Building Hybrid Structure Model

The hybrid structure model is a model that supports multiple types of correlation structures as input. Given a set of vertices and vertex feature X, assume that you have constructed low-order structure like graph g and high-order like hypergraph hg. A hybrid structure model can be implemented as follows:

import dhg
import torch
import torch.nn as nn

class HSMConv(nn.Module):
    def __init__(
        self,
        in_channels: int,
        out_channels: int,
        bias: bool = True,
        drop_rate: float = 0.5,
    ):
        super().__init__()
        self.act = nn.ReLU(inplace=True)
        self.drop = nn.Dropout(drop_rate)
        self.theta = nn.Linear(in_channels, out_channels, bias=bias)

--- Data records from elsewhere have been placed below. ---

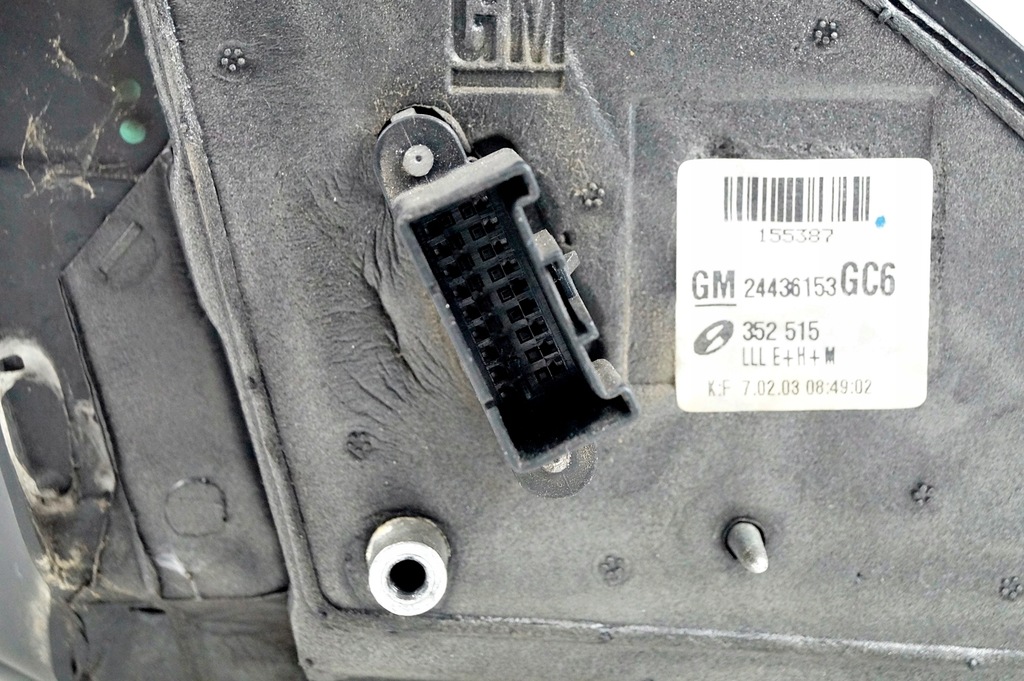 фото №10, Signum gts зеркало левая электрический цвет z163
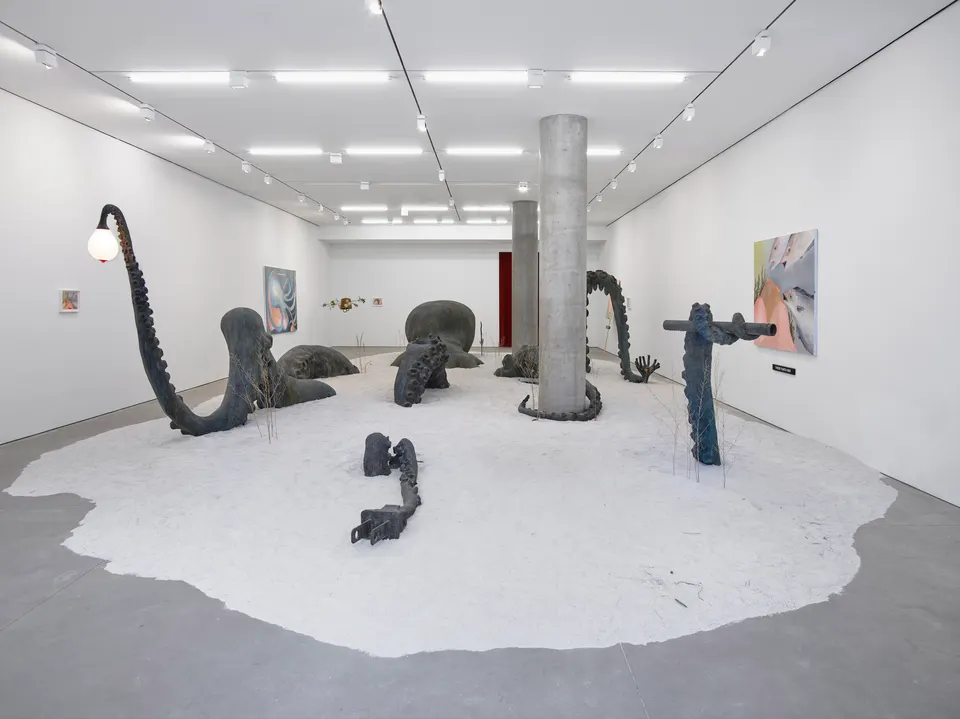Laure Prouvost, Landed Here To Sea You With All Our Very Breasts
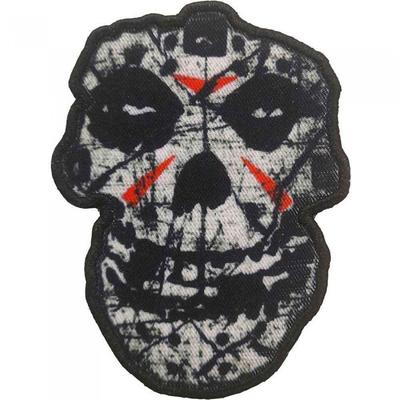 Нашивка с черепом Misfits Friday the 13th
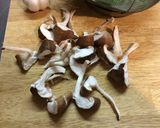 ルッコラのシンプルパスタ作り方1写真
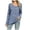 Blue, variant on Womens Fashion Casual T Shirt Long Sleeve Crew Neck Tops Loose Buttons Top Spandex Long Sleeve Womens Tee Womens Tech T Shirt Pack Womens Loose Athletic Tees Womens Loose Fit Tops Short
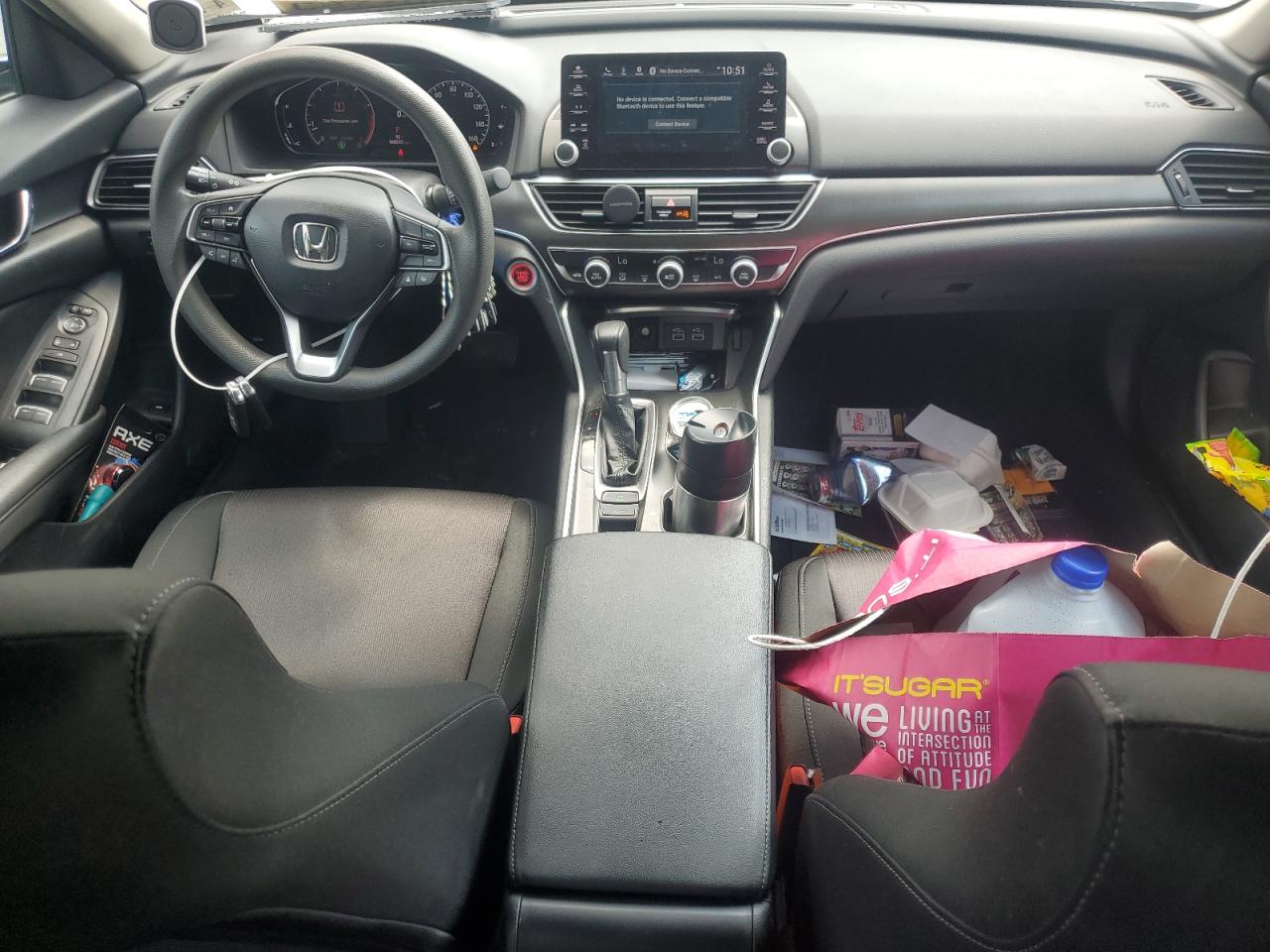 2021 Honda Accord Lx VIN: 1HGCV1F19MA010192 Lot: 63009425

    def forward(self, X: torch.Tensor, g: dhg.Graph, hg: dhg.Hypergraph) -> torch.Tensor:
        X = self.theta(X)
        X_g = g.v2v(X, aggr="mean")
        X_hg = hg.v2v(X, aggr="mean")
        X_ = (X_g + X_hg) / 2
        X_ = self.drop(self.act(X_))
        return X_

Finally, the hybrid structure model can be implemented by stacking multiple HSMConv layers.